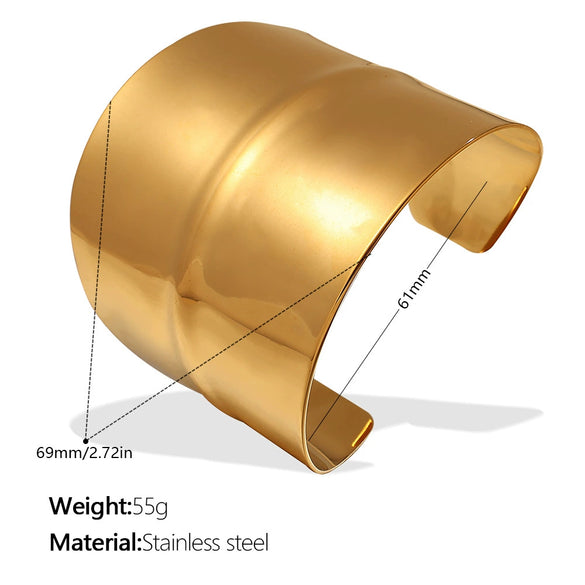 Jewelry 316L Stainless Steel Fashion Irregular Opening Asymmetric Bracelet Electroplating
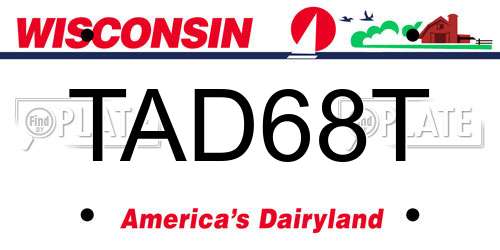 TAD68T Wisconsin License Plate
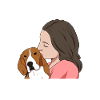 Beagle kisses beagle lover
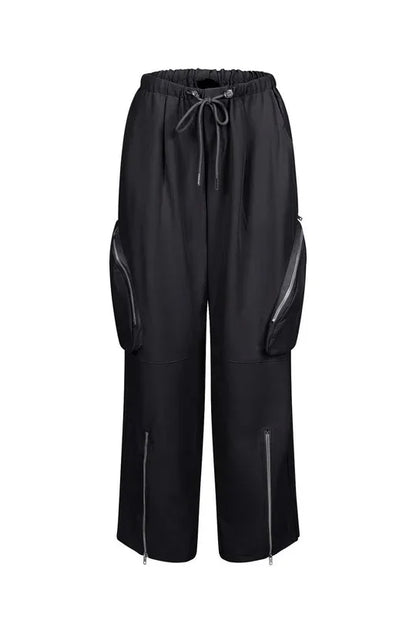CM.YAYA Women Fashion Zipper Pocket Side Zip Fly Split Hem Wide Leg Safari Style Pants 2025 Drawstring Summer Cargo Trousers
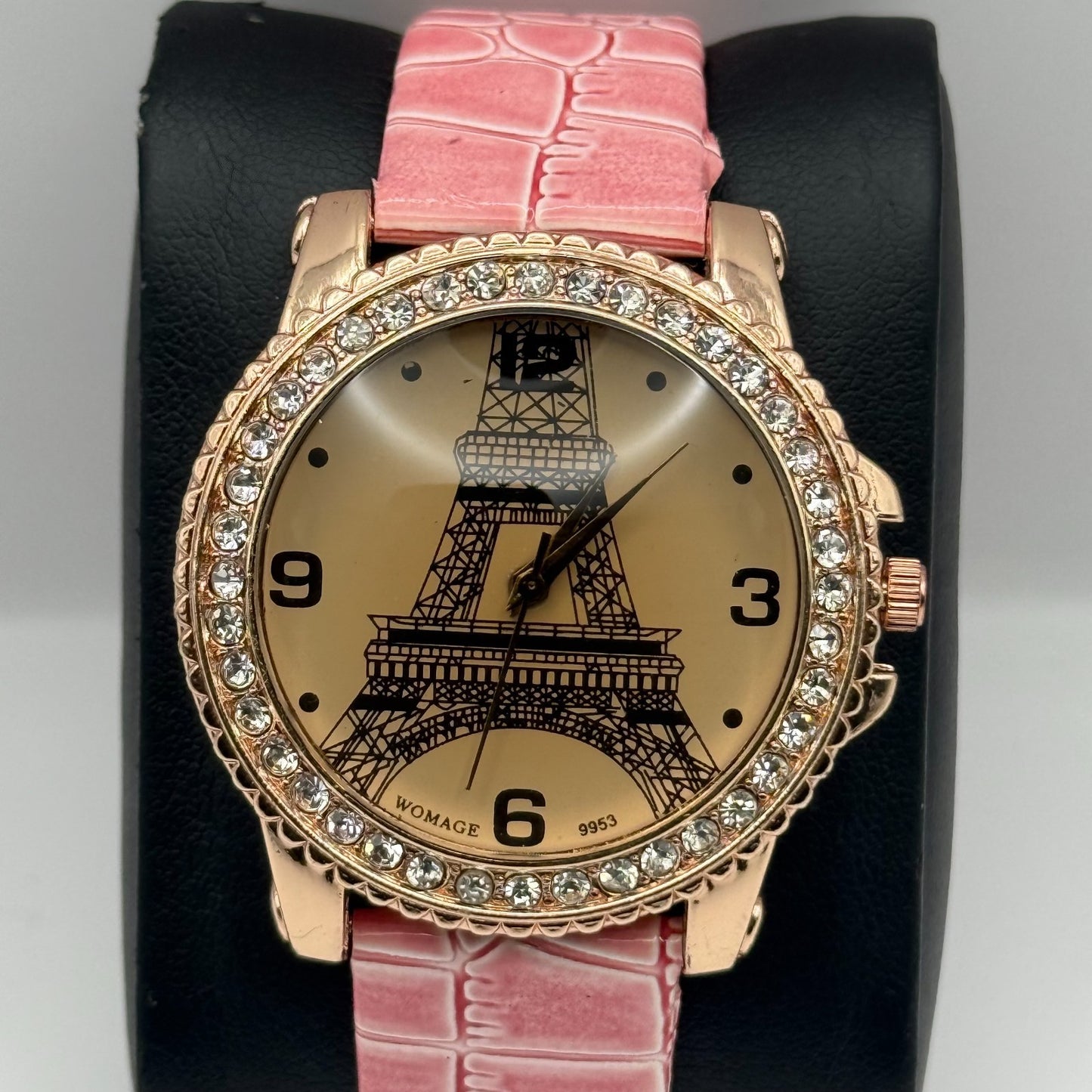 Womage Ladies Quartz Watch Eiffel Tower Design Crystal Accent Working 37mm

= = =

Activity
Pictures should be left out when the records above are restated exactly.

Your response
 Jewelry 316L Stainless Steel Fashion Irregular Opening Asymmetric Bracelet Electroplating
 TAD68T Wisconsin License Plate
 Beagle kisses beagle lover
CM.YAYA Women Fashion Zipper Pocket Side Zip Fly Split Hem Wide Leg Safari Style Pants 2025 Drawstring Summer Cargo Trousers
 Womage Ladies Quartz Watch Eiffel Tower Design Crystal Accent Working 37mm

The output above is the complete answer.